使用install.packages('tidytext')
安装
我们首先使用
unnest_tokens
函数将文本划分为单个单词,并删除一些常见的“停用词”。这个函数将获取一个字符串向量并提取标记,以便每个标记在新表中都有一行。下面我们一个简单的例子:
library(tidytext)
text <- c('I am JoJo,','he is kimi','life is short')

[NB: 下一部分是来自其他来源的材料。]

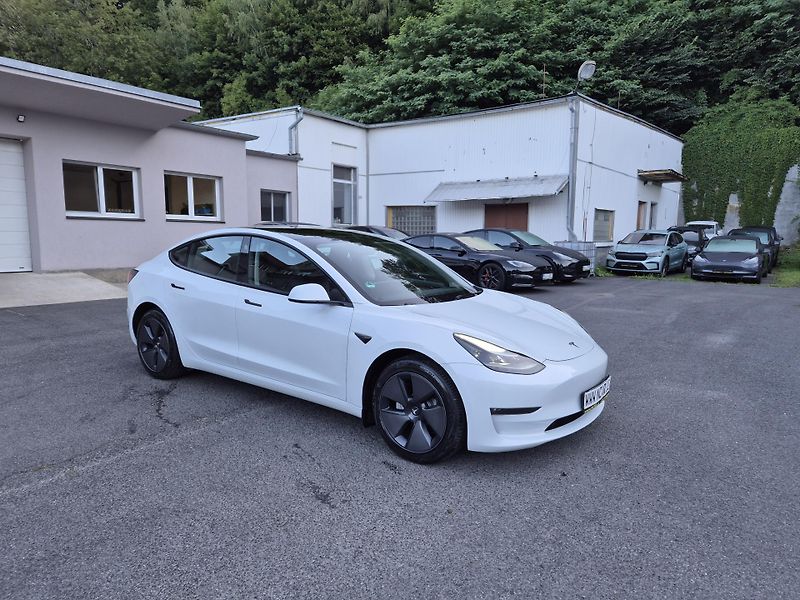 Tesla Model 3 STANDART RANGE 239w SOH 96,5% - fotka 3 z 48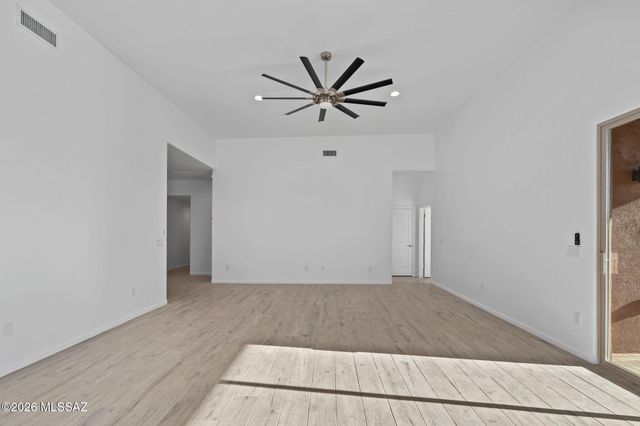 1132 N Range Rider Place, Vail, AZ 85641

example <- tibble(line = c(1, 2, 3),
text = text)
example %>% unnest_tokens(word,text)
A tibble: 9 × 2
line | word |
---|---|
1 | i |
1 | am |
1 | jojo |
2 | he |
2 | is |
2 | kimi |
3 | life |
3 | is |
3 | short |
现在我们看一下推文的第一条数据
campaign_tweets[1,]
A tibble: 1 × 8
source | id_str | text | created_at | retweet_count | in_reply_to_user_id_str | favorite_count | is_retweet |
---|---|---|---|---|---|---|---|
Android | 612063082186174464 | Why did @DanaPerino beg me for a tweet (endorsement) when her book was launched? | 2015-06-19 20:03:05 | 166 | NA | 348 | FALSE |
campaign_tweets[1,] %>%
unnest_tokens(word, text) %>%
pull(word)
- ‘why’
- ‘did’
- ‘danaperino’
- ‘beg’
- ‘me’
- ‘for’
- ‘a’
- ‘tweet’
- ‘endorsement’
- ‘when’
- ‘her’
- ‘book’
- ‘was’
- ‘launched’
默认的unnest_tokens会去除特殊符号,我们可以通过指定token,来保留这些符号
campaign_tweets[1,] %>%
unnest_tokens(word, text, token = "tweets") %>%
pull(word)
- ‘why’
- ‘did’
- ‘@danaperino’
- ‘beg’
- ‘me’
- ‘for’
- ‘a’
- ‘tweet’
- ‘endorsement’
- ‘when’
- ‘her’
- ‘book’
- ‘was’
- ‘launched’
接下来我们要做的另一个小调整是删除图片链接,得到提取的
word
links <- "https://t.co/[A-Za-z\\d]+|&"
tweet_words <- campaign_tweets %>%
mutate(text = str_replace_all(text, links, "")) %>%
unnest_tokens(word, text, token = "tweets")
接下来我们来看一下哪些单词出现的次数最多
tweet_words %>%
count(word) %>%
top_n(10, n) %>%
mutate(word = reorder(word, n)) %>%
arrange(desc(n))
A